METHODS: Fourty-eight healthy children aged 11.6±0.3 (mean ±SE) years, (24 obese or overweight [OB/OV]; 24 normal weight [NO]) participated in the study. Both groups were divided into fit or unfit subgroups according to children’s performance of an exercise test (PWC170). Arterial pressure and its determinants were recorded with the use of a photoplethysmographic device (FINOMETER) during 5 minutes of rest and 3 minutes of IHG at 30% of maximum voluntary contraction.

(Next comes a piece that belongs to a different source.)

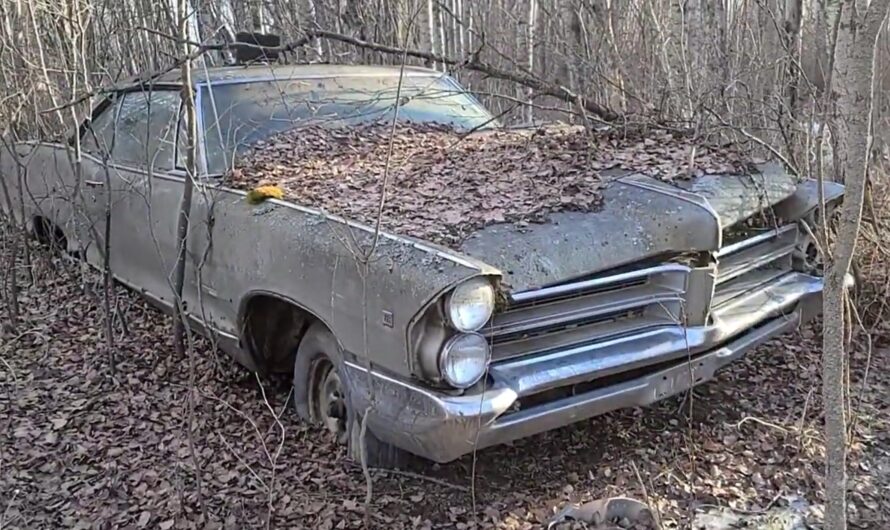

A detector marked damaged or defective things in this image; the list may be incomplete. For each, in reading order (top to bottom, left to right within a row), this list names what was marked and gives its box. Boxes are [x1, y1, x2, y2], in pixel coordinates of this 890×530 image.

RESULTS: At rest and during IHG, unfit OB/OV children had higher systolic, mean arterial pressure, and rate pressure product (P≤0.05) than fit OB/OV children whose responses were similar to NO children, fit or unfit. Changes from rest, in cardiac output, cardiac index, and stroke volume were higher in unfit than in fit OB/OV children (P≤0.05). Unfit OB/OV children exceeded their fit counterparts in several anthropometric measures. However, CRF was found to have a main effect on systolic blood pressure (P=0.05).
CONCLUSION: Unfit versus fit OB/OV children had an exaggerated systolic blood pressure response at rest and during sympathetic activation, presumably coupled with higher cardiac output and cardiac oxygen demand. These results highlight the importance of fitness for health maintenance in obese and overweight children.